[PROBLEM]
Drop the images, then output the listing exactly.

[THE DATA]

___

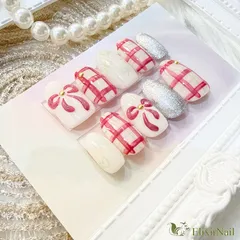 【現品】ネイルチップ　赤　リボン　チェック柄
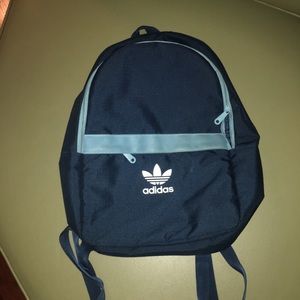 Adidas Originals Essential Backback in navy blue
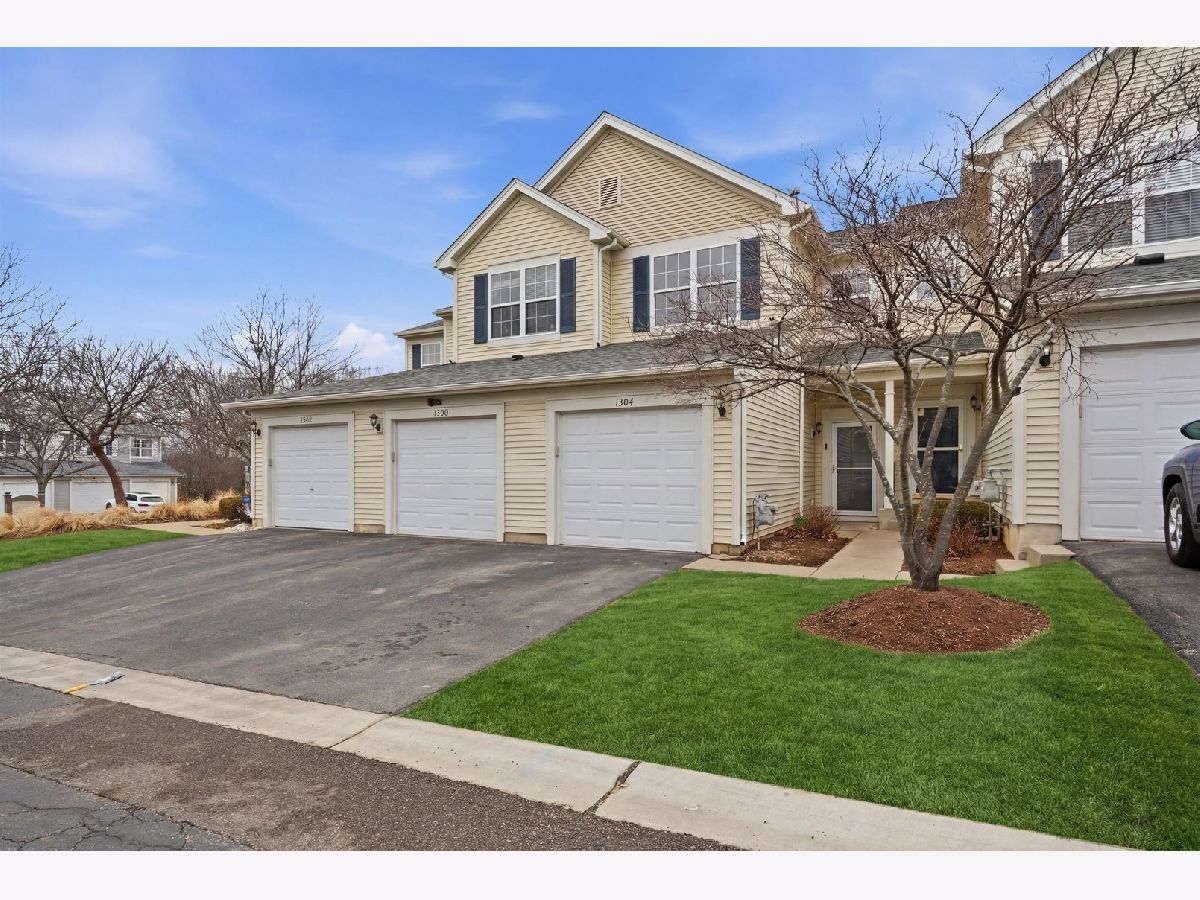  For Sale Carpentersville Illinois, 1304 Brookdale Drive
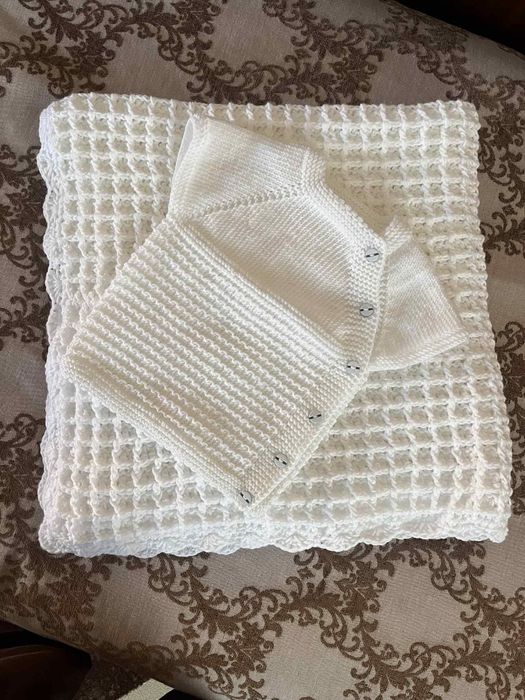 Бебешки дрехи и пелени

___

[RESULT OF THIS EXERCISE]
 【現品】ネイルチップ　赤　リボン　チェック柄
 Adidas Originals Essential Backback in navy blue
  For Sale Carpentersville Illinois, 1304 Brookdale Drive
 Бебешки дрехи и пелени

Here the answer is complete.